Will you have to settle for an average app or does this port get it all right?
Roll and write games are an interesting beast; they often lack a lot of the depth of decision making that other game types have but make up for it with addictive score chasing and a quick play. In the same way people might find themselves devoting hours to apps like Candy Crush, I can be sinking that time into roll and writes. Games like Ganz Schon Clever and Qwixx have seen plenty of play time for me over the years and so I was excited to see Imperial Settlers Roll and Write hitting my device.
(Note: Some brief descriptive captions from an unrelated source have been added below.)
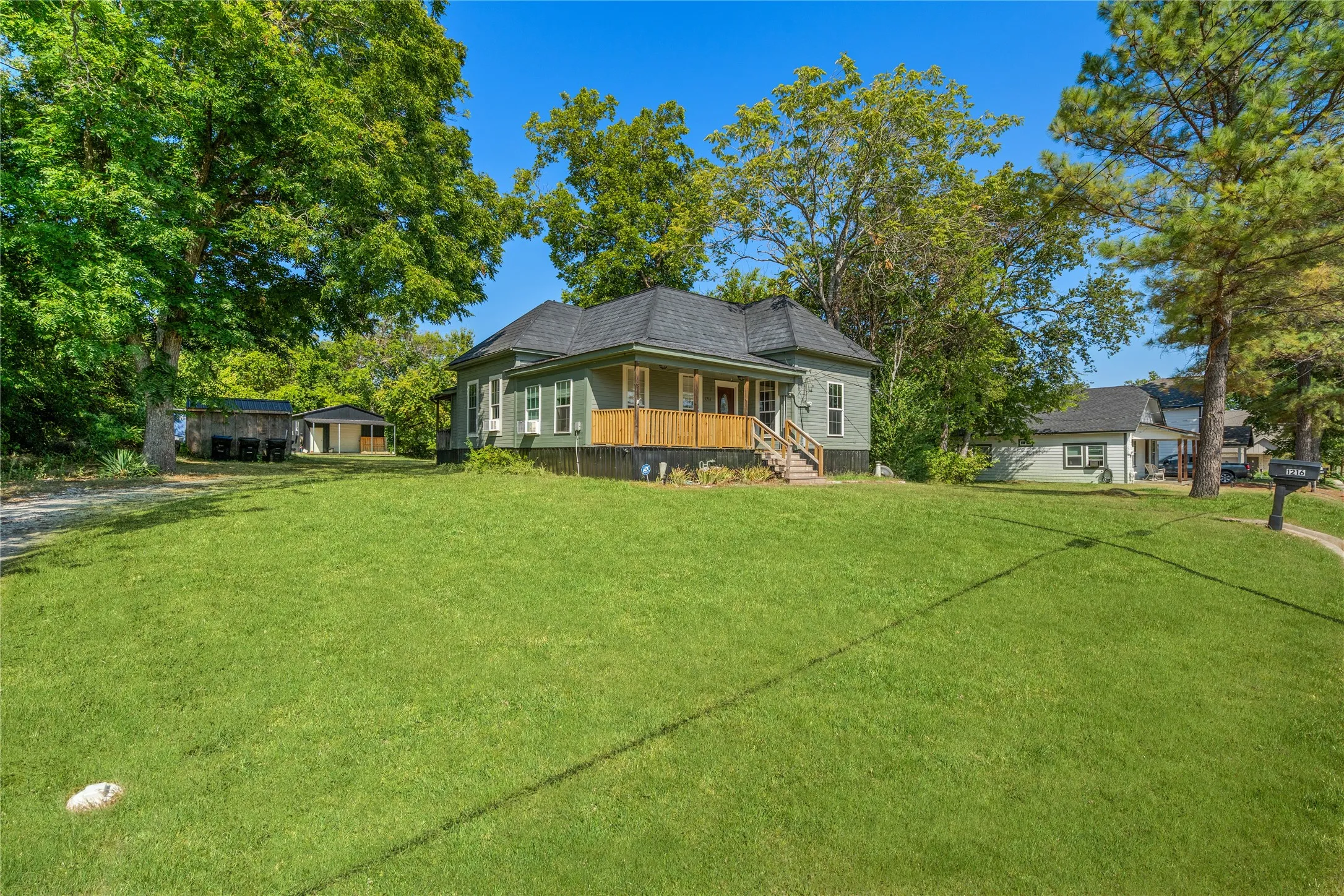 Expansive front lawn with mature trees and a gravel driveway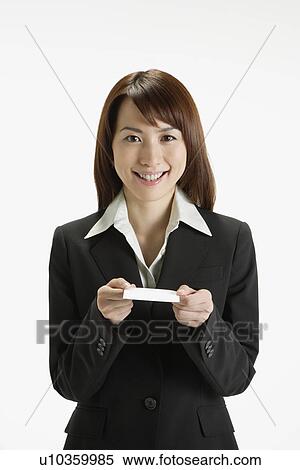 Stock Photography - Cheerful executive holding a paper, portrait. Fotosearch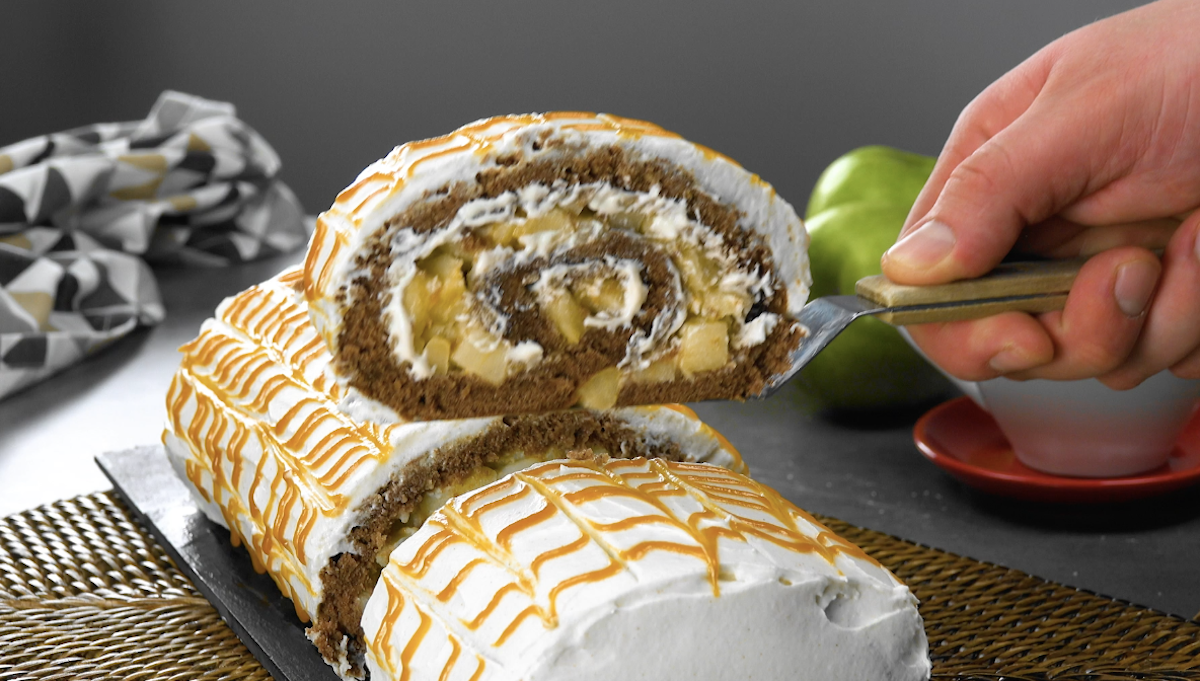 Ein Stück Apfel-Biskuitrolle wird mit Tortenheber aus Roller gehoben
Imperial Settlers Roll and Write sees you rolling dice for both resources and workers before allocating them onto one of 3 areas of your player board. Researching blueprints for buildings provides you with instant resources, the ability to manipulate dice or ways to gain victory points. The effects of these buildings can be upgraded by placing the newly discovered Tetris like blueprints onto unlocked construction boxes in the second area of your board. These boxes are unlocked by spending the relevant number of resources and also garner victory points for you. As well as being a place to house the buildings within your settlement these construction boxes unlock the third area of your board, fields for harvesting single use resources which can be utilised to pay for the every expensive resource costs as the game progresses. All in all it’s a pretty neat set up for a roll and write which are usually an exercise in turn optimisation with a definite ‘right answer’.
In addition to all of the above, players have a choice of 1 of 3 randomly chosen favors each game, selected at random from a pool of 6. These are powers which can be used to gain extra resources or workers without costing you a worker action to activate. Which favors you start each game with will have a huge impact in the strategy you take going forward and which buildings you choose to build and which resources are more valuable. They’re so vital to high scoring in fact, that you entire game can be torpedoed from the off if you get an unfavourable selection of favors, and here in lies one of the issues I have with Imperial Settlers Roll and Write.
Don’t get me wrong, I enjoy the gameplay for this game a lot, and the introduction of favor tokens to push certain strategies within the game is a great one. However my problem lies with the balance of some of these tokens against one another; some render others completely useless and thus getting 2 tokens like this in your selection of 3 immediately limits your options. For example, one of the favor tokens is the Boon token which allows you to select one of the resources on the dice thrown and gain an additional one of these resources. There is however another token, the Lucky Coin token which gives the player a wild resource that they can use in place of any other resource. There’s no situation in which you would every choose Boon over Lucky Coin if you had both available to you thus making one of your favor slots completely worthless. When favors are as similar as this is leaves you in the hands of the gods as to whether you’re dealt a hand of useful ones to maximise your score or a dud group that leaves you short on options.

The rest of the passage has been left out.